Installation diagram

 

 


 

 


 

Gurs. Drancy. Bobigny station.

 Auschwitz. Birkenau. Chelmo-Kulmhof. Majdaneck. Sobibor.

 Treblinka.

 

The extermination perpetrated by Nazi Germany and its collaborationist countries against those "undesirable" populations (Jews, homosexuals, tsiganes, communists, mentally and physically handicapped people…) provoked a real cataclysm within our civilization because of its method, its singularity and its extent.

 

 What memory do we keep alive today of those events, at the time of multiple commemorations, memorials and other enclosed memories.

 

We have made the choice of concentrating on the places of memory and have undertaken to draw up a sound and photo portrait of several sites of confinement, deportation and extermination starting from Gurs (Pyrénées Atlantiques) towards Poland.

 

What matters here is to attempt to recover and to reinvest that memory.
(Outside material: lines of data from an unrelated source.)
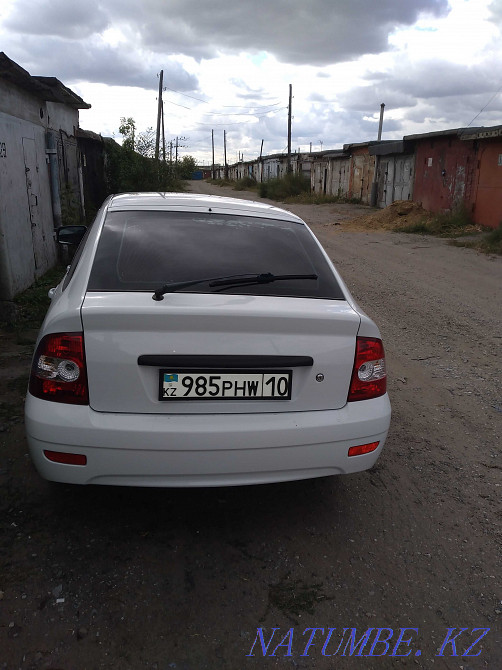 VAZ 2172 Priora Hatchback    year Rudnyy - photo 4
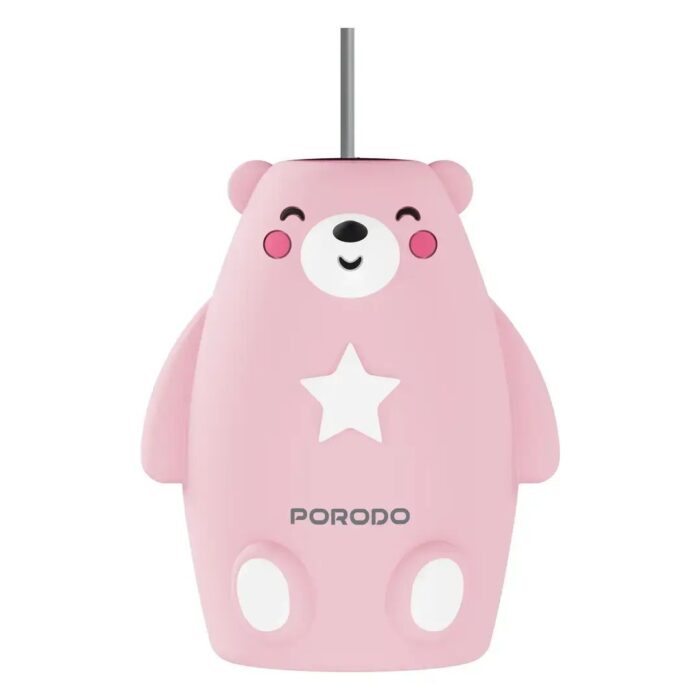 Porodo Totlo Kids Electric Silicone Toothbrush - Image 8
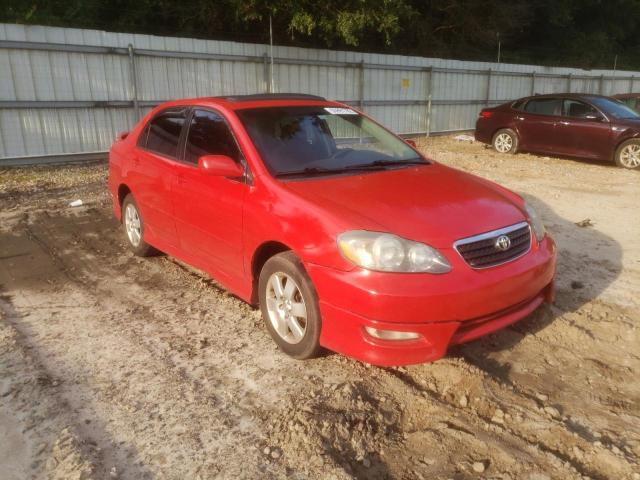 TOYOTA COROLLA CE 2006 with VIN 1NXBR32E36Z583878 - Photo from auction
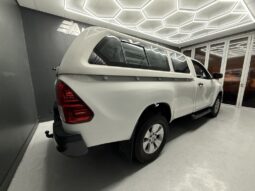 2019 TOYOTA HILUX 2.4 GD-6 RB SRX P/U S/C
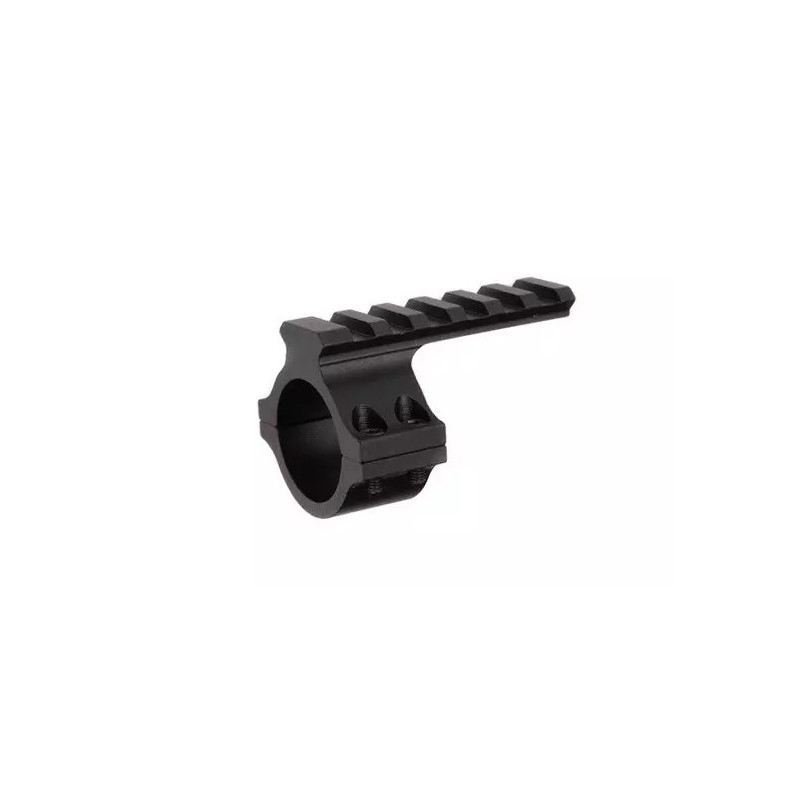 30mm RIS scope mount – black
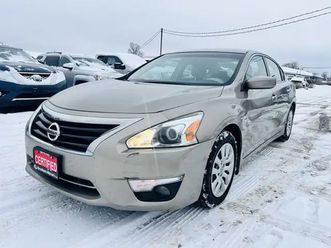 2013 nissan altima 4dr sedan i4 cvt 2.5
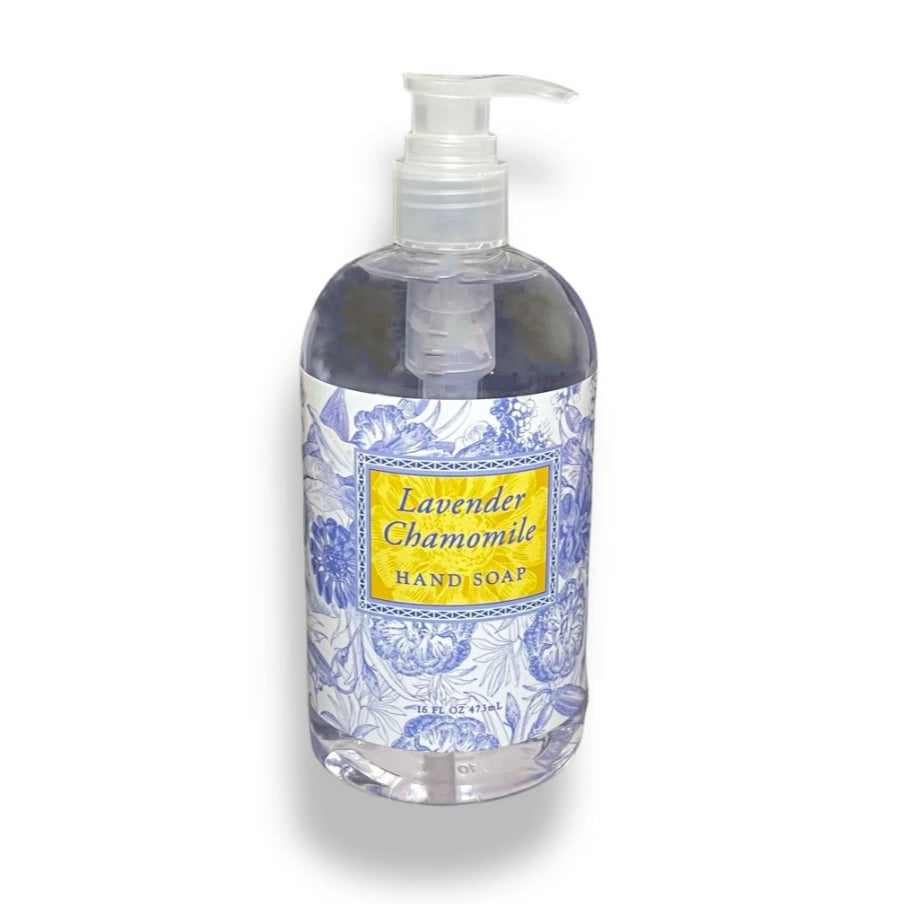 16 oz Lavender Chamomile Hand Soap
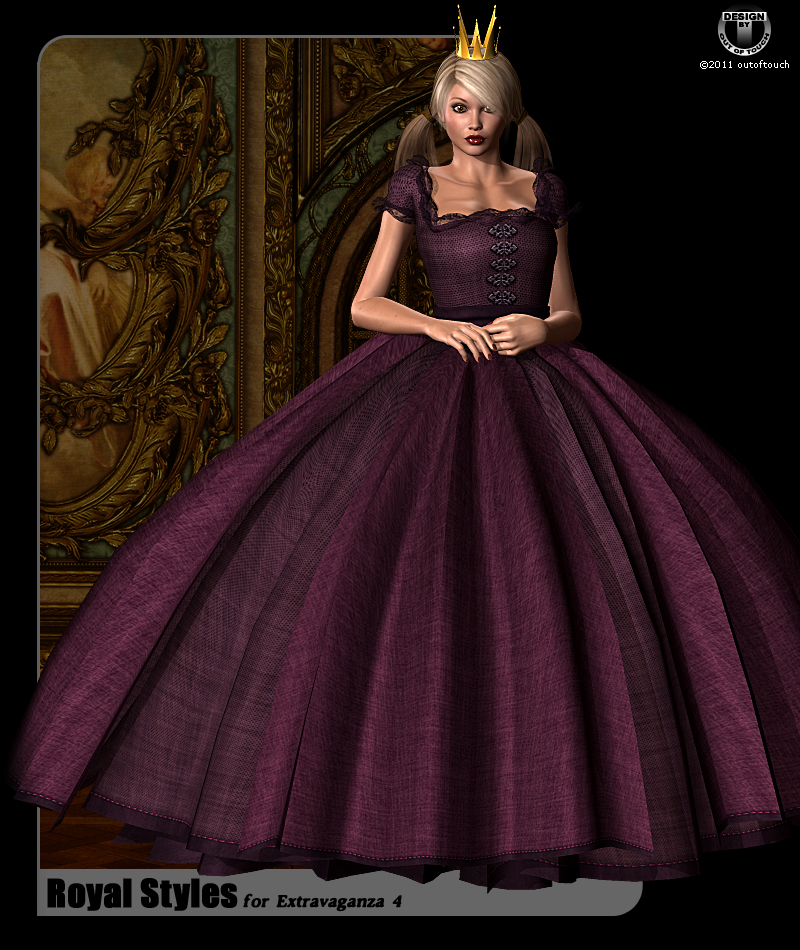 ROYAL STYLES for Extravaganza 4 by Powerage by N/A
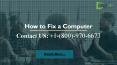 Onsite Computer Repair Services PowerPoint PPT Presentation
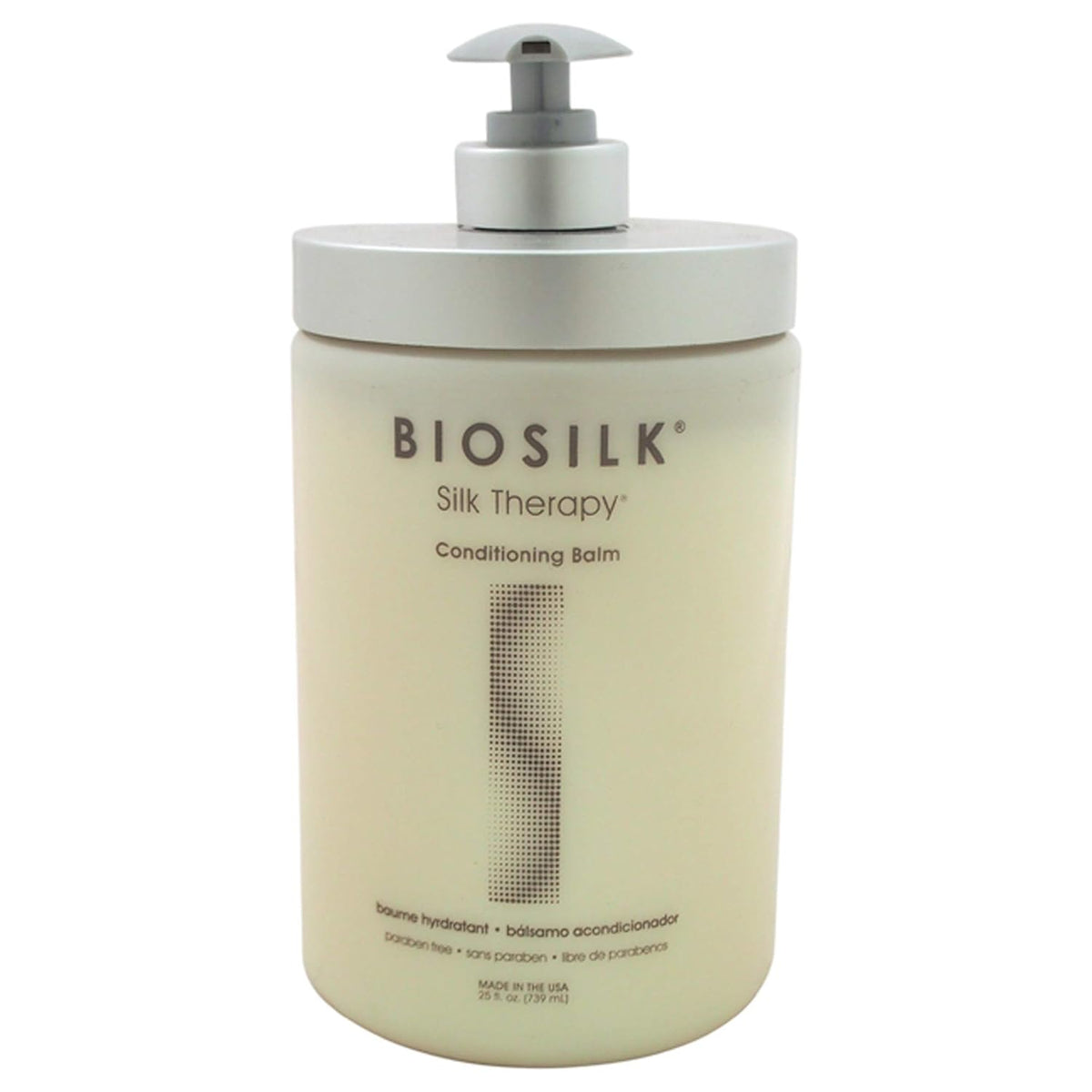 CHI Biosilk Silk Therapy Conditioning Balm 739ML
The distance that separates us from the past tragedies increases the risk of a ritualization or a "monumentalization" of the memory, and that is the reason why we need, through art, to feed the visual memory of extermination.

 

Today, above all, they’re archives pictures which shape our representations of historical events.

 

They eventually become some sorts of symbols of absolute evil, and merge into a huge repertory of horror left for us to watch, in which it’s easy to draw to indefinitely illustrate the camps.

 

So, the visual strategy adopted for the representation of the camps is most often a spectacular product, as the pictures are too often turned into icons of timeless infamy and separated from their historical context. About that trivialization of pictures, Jorge Semprun speaks about "mute pictures"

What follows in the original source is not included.